O.
O vardı ve onunla birlikte hiçbir şey yoktu.
Böylece baktı ve gördü:
Hakikat!
O’nun varlığı ve birliği Hakikat idi. Hakikat, O’nun varlığı ve birliğiydi.
O zatında bilinemezdi ama Hakikat, O’nun 99 ismi, fiilleri ve pek çok sıfatı ile ancak bilinebilirdi.
O’nun isimleri ve sıfatları; ayrı ayrı hakikatler iken, Hakikat; ancak O’nun isimleri ve sıfatları ile bilinebilirdi.
***
O’nun hakikatleri; içre içre, sırlı ve pek çoktu:
O, hiçbir şeye ihtiyaç duymayandır. Ama şeylerin muhtaç olduğu, O’dur.

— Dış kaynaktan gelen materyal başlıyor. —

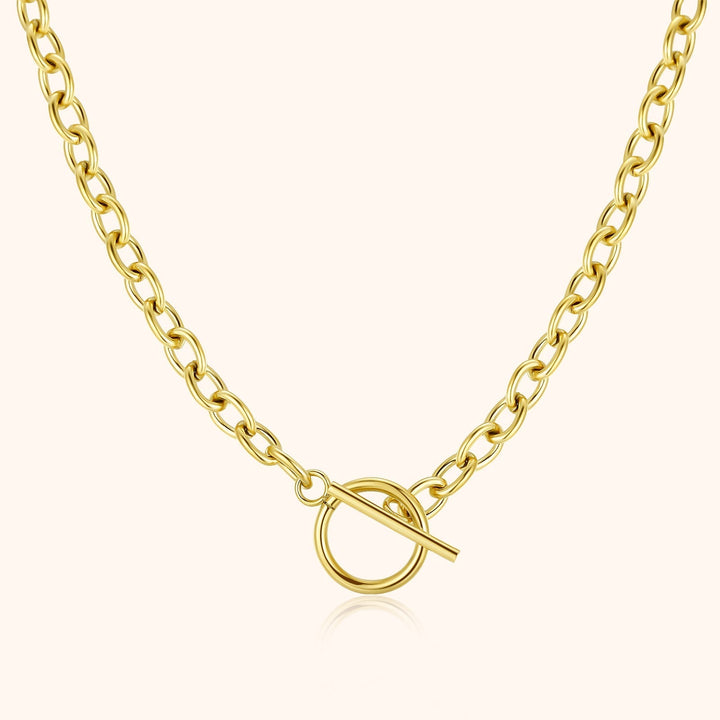 Subtle Necklace with Geometric Design - Noelia-Gold-State of Style
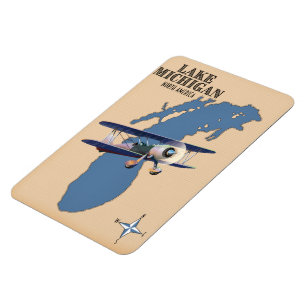 Lake Michigan North America Karte Magnet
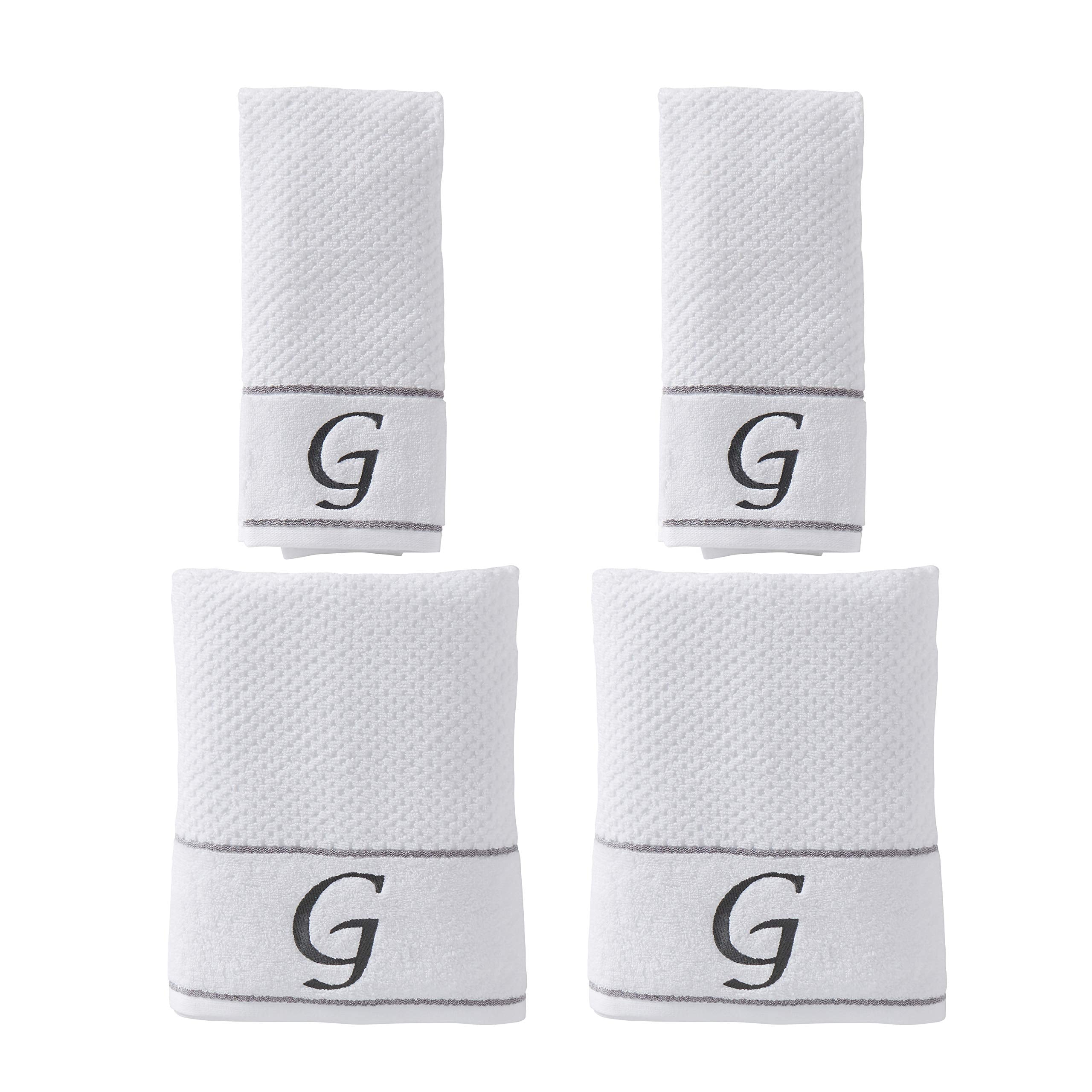 SKL Home by Saturday Knight Ltd. Monogram ''G'' Bath and Hand Towel Set  White  4-pack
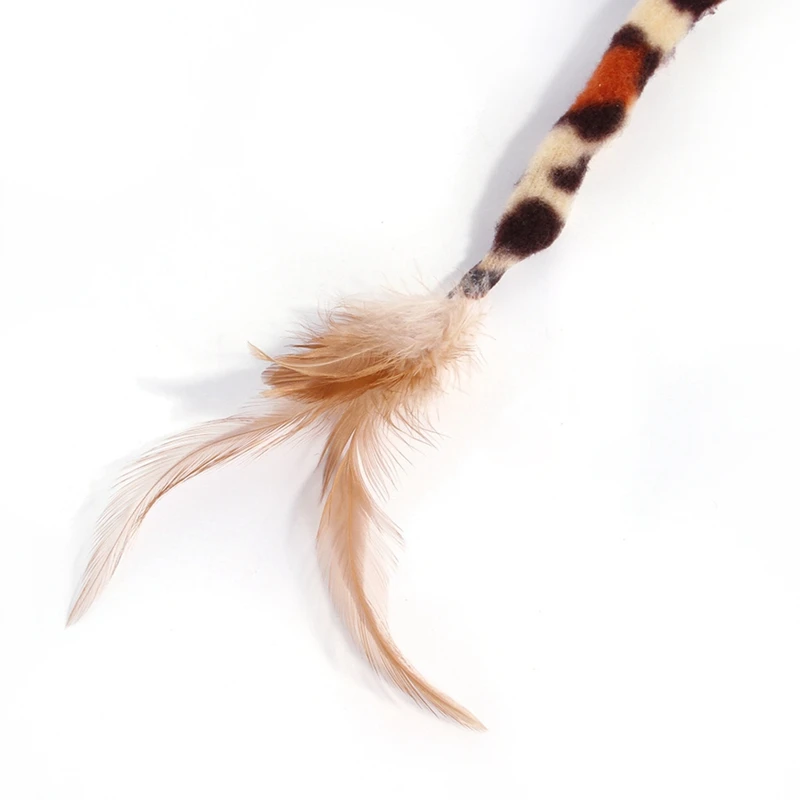 

1pc Hot Selling Cat Teaser Fake Feather Leopard Print Cat Stick Cat Wand Teaser Kitten Wand Toy Cat Supplies Multicolor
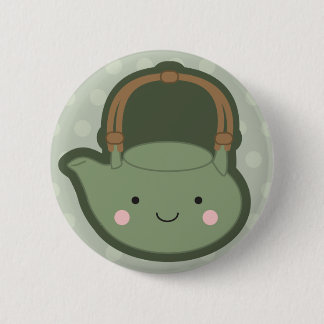 Green Teapot 6 Cm Round Badge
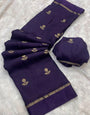 Staggering Purple Banarasi Khadi Silk Saree With Fragrant Blouse Piece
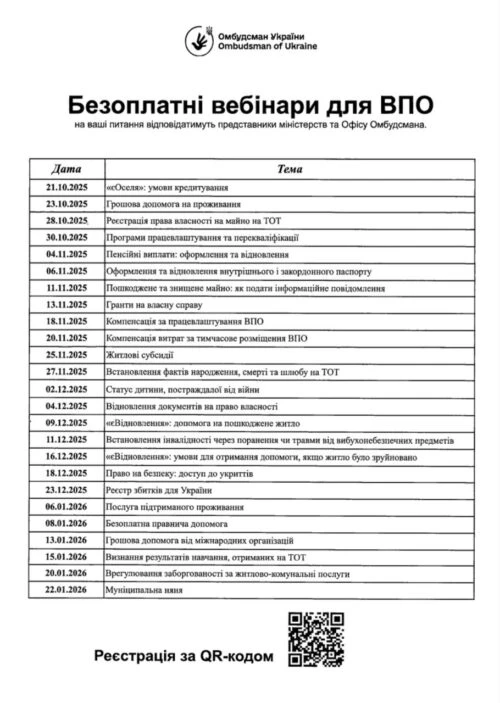 Старт онлайн вебінарів для ВПО та постраждалих від війни в Україні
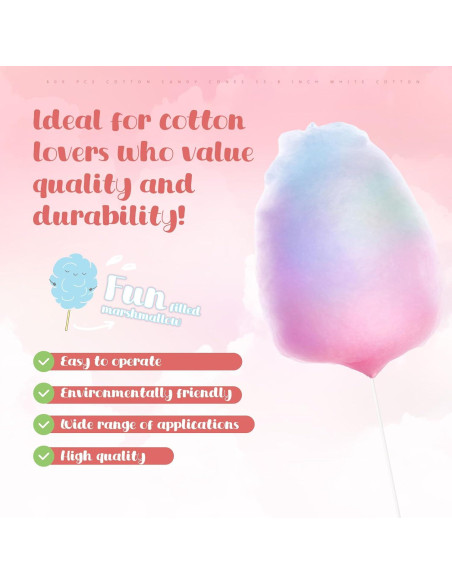 Conos de Algodón de Azúcar Honeydak 600 Pcs 35.1 cm Blancos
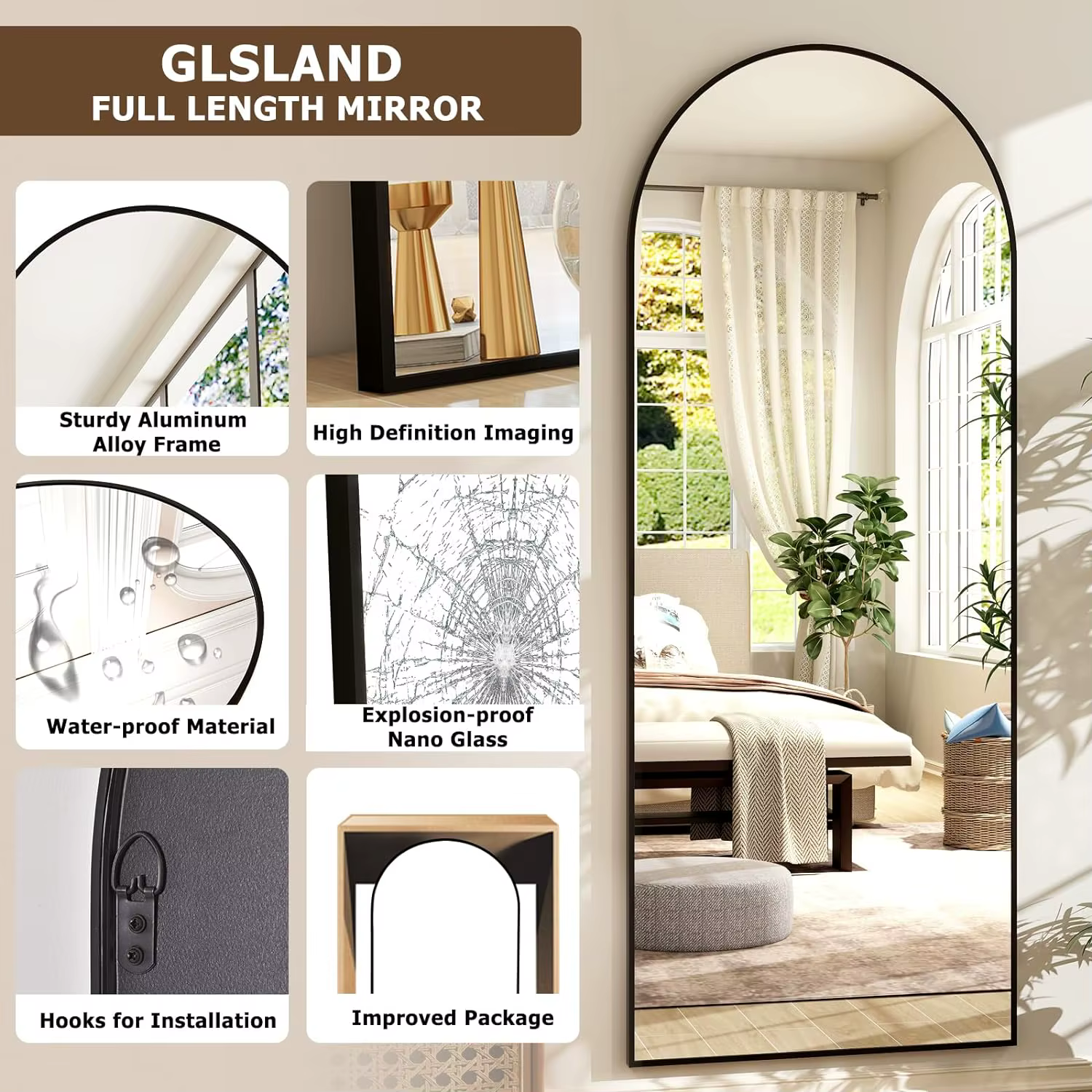 Miroir pleine longueur arqué 26" x 71" - Miroir complet - Miroirs de sol extra larges pour chambre, 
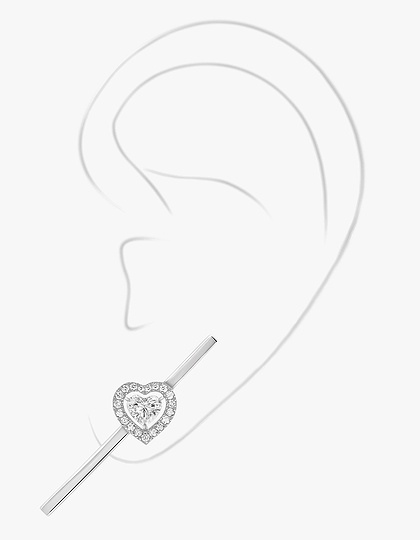 Sieviešu juvelierizstrādājumi  MESSIKA, Joy Cœur 0.15ct Single Diamond White Gold Earring, SKU: 11432-WG | dimax.lv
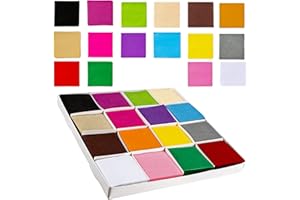 Exquiss 6400pcs Tissue Paper Squares 2 inch Bulk 16 Colors for Tissue Paper Art and Craft Tissue Paper Pom Poms for Kids DIY Craft Tissue Paper Flowers Gift Wrapping Decor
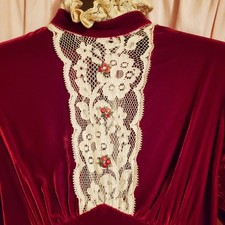 VTG 70s High Neck Burgundy Plush Velvet Maxi Dress Victorian Christmas Sz 4 picture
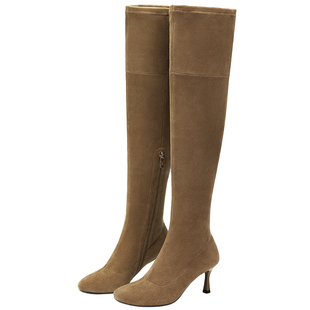 73hours女鞋迷恋舒适感冬季新款长筒靴瘦瘦靴显瘦高跟过膝靴子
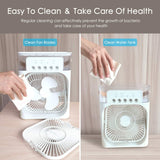 Portable Evaporative Air Cooler Fan with Humidifier, USB Rechargeable Mini Air Conditioner, Multi-Speed Cooling Fan with LED Indicators & Carry Handle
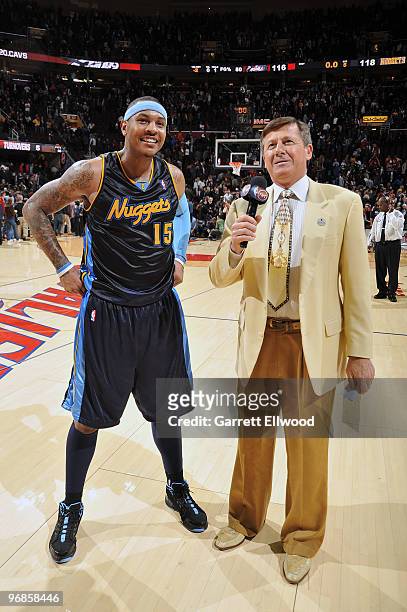 Carmelo Anthony of the Denver Nuggets is interviewed by Craig Sager of TNT following the game against the Cleveland Cavaliers on February 18, 2010 at...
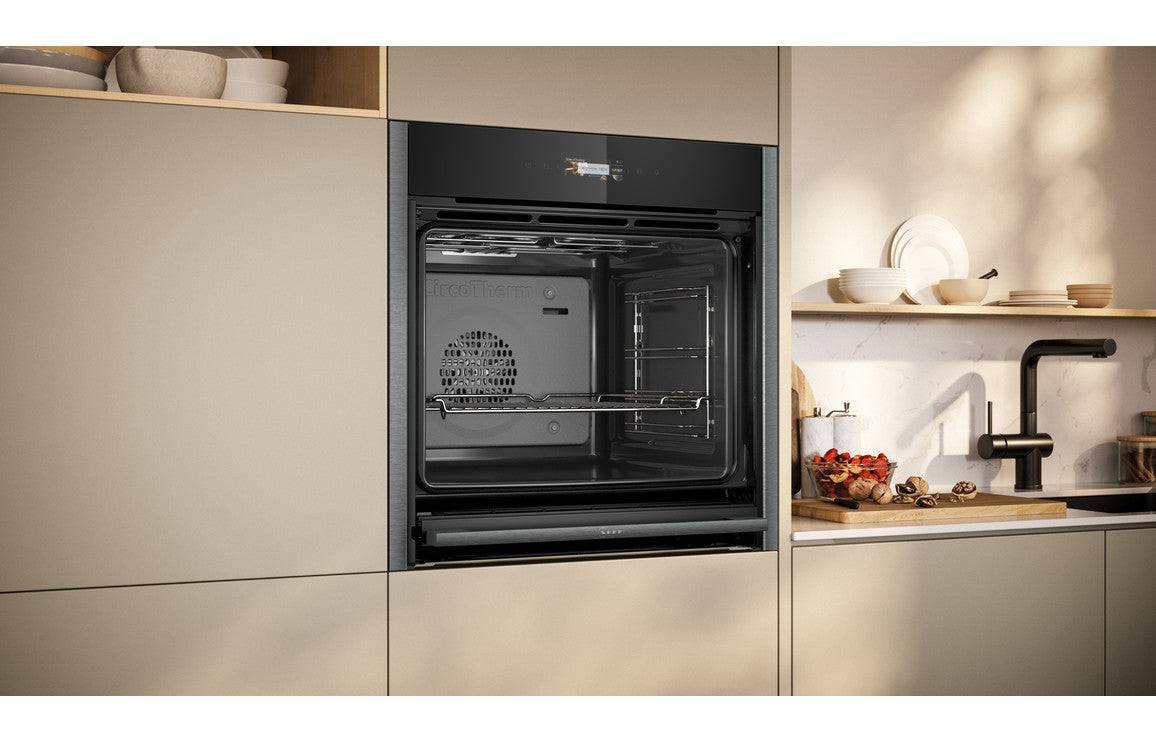 Neff N70 B54CR31G0B Single Slide & Hide Electric Oven - Black w/Steel Trim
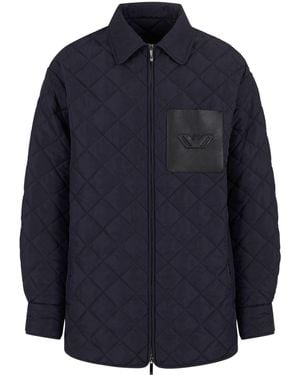 Eclat Jewels Nylon Quilted Jacket - Blue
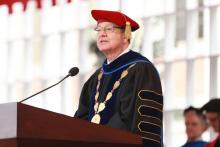 Le président de l'Université de Californie du Sud (USC), C. L. Max Nikias, à Los Angeles le 11 mai 2018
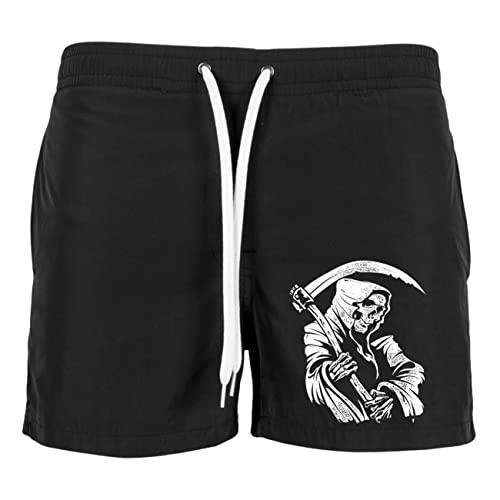 Life Is Pain Männer halblange Badehose Swim Shorts Totenkopf Sensenmann Größe M bis 3XL von Life Is Pain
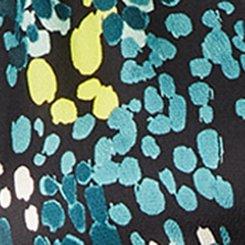 Plus Size Satin Surplice Tie Cut Out Back Long Sleeve Blouse, BRUSH RAIN DOT, swatch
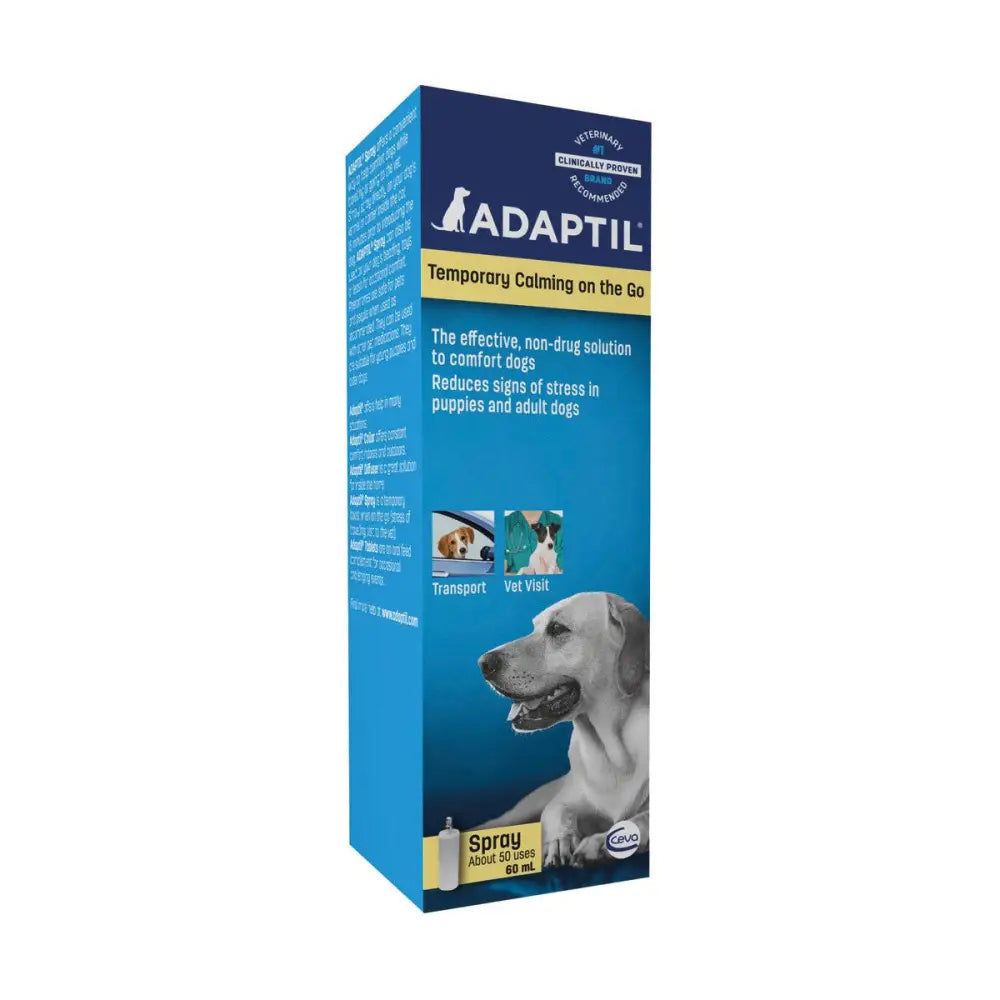 Blue cardboard box of adaptil dog calming spray with a labrador illustration featuring natural canine appeasing pheromone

O, zatında idrak ötesi, birliğinde isimleri, sıfatları ve fiilleri ile ancak bilinebilendir. İsimleri, tekliğinde birleşen, O’dur.
O, zamandan ve mekândan bağımsız olandır.
O, ezeli olandır. Hep vardır, bir başlangıcı yoktur. Doğmamış, doğurulmamıştır.
O, ebedi olandır. Hep var olacaktır, bir sonu yoktur.
O, sonsuzdur. Varlığı her şeyi kapsayandır. O’ndan ayrı bir şey düşünülemeyendir.
O, eşi ve benzeri olmayandır. Yaratılan hiçbir şeye benzememektedir.
O, gizli ve açık, geçmiş ve gelecek, her şeyi, ezeli ve ebedi ilmi ile en mükemmel bilendir.
O, yoktan var etme, vardan yok etme kudretinin yegâne sahibi, tek yaratıcıdır.
O, yarattığı varlıkların geçireceği halleri takdir edendir…
.
.
.
***
O.
O çok güzeldi. O kadar güzeldi ki, güzelliği taşıyordu. O kadar taştı ki, isimleri ve sıfatları ortaya çıktı.
Onlar, O’na yalvardı: “Ne olur bize vücûd ihsan et (var et, yarat) de seni bilelim! Sana dönelim!”
Çünkü ondan ayrılmak, O’nu bilmemek en büyük acıydı.
Böylece O söyledi: “Ben bilinmeyen gizli bir hazine idim. Ne zaman ki bilinmeyi diledim (irade ettim, kudret gösterdim) Mahlûkatı (kâinatı) yarattım ve beni bildiler.”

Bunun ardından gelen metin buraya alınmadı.